Haben wir die Vorstufen von Kants dauerhafter Friedensidee erreicht? Auch da hilft ein Blick in die Geschichte, um zu sehen, auf welcher Basis zum Beispiel der Friede nach 1945 geschaffen wurde. Denn von Frieden sprach man da nicht, stattdessen schon von 1947 an vom Kalten Krieg, in dem die Westmächte unter Führung der USA mit den Ostmächten unter Führung der Sowjetunion lagen – ein beiderseitiges Wettrüsten inbegriffen.
Um mit Kant zu sprechen: Nicht der Friedensbund (also die Vereinten Nationen) schuf in diesen Jahren den Frieden zwischen den Supermächten, sondern die irre Logik des nuklearen Kriegs, der ein militärisches Patt durch aberwitzig große Atomwaffenarsenale herbeiführte. Ein Krieg hätte in dieser Situation fast zwangsläufig eine Eskalation ausgelöst, die in der wechselseitigen Totalvernichtung der Supermächte und der restlichen Welt geendet hätte. Erst das Ende des Kalten Krieges hat die Situation in Europa und auch weltweit entspannt.
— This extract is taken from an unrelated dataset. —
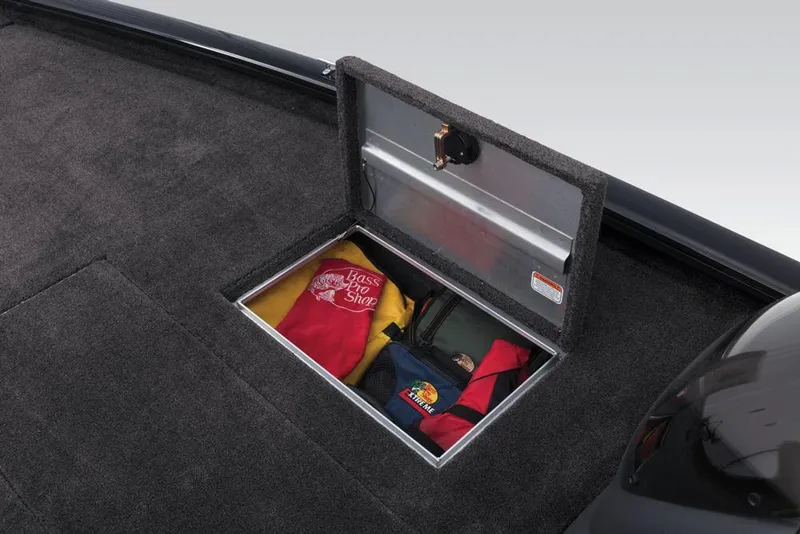 Slide: The Image of 2018 Tracker Pro Team 190 TX boat with storage compartment. - 17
Trotzdem sollte man die gefährlichen gegenwärtigen Tendenzen für neue Großkonflikte nicht auf die leichte Schulter nehmen: China rüstet auf und etabliert sich als Weltmacht neben den USA. Russland versucht, seinen Status zu behalten. Die atomaren Waffenarsenale bestehen weiter. Neue Atommächte sind hinzugekommen, darunter die Diktatur in Nord-Korea. An feindseligen Handlungen ist kein Mangel – ob nun in Form von herkömmlicher Spionage, gezielten Tötungen oder Cyberangriffen. Nach Kants Friedensschrift sollte das alles vermieden werden, um den dauerhaften, den ewigen Frieden nicht leichtfertig zu riskieren.
Deshalb hat – auch 370 Jahre nach dem Westfälischen Friedensschluss – das Augsburger Hohe Friedensfest nicht nur eine historische, sondern gleichzeitig auch eine zeitgeschichtliche Bedeutung: Friede ist für die Menschheit noch lange keine Selbstverständlichkeit.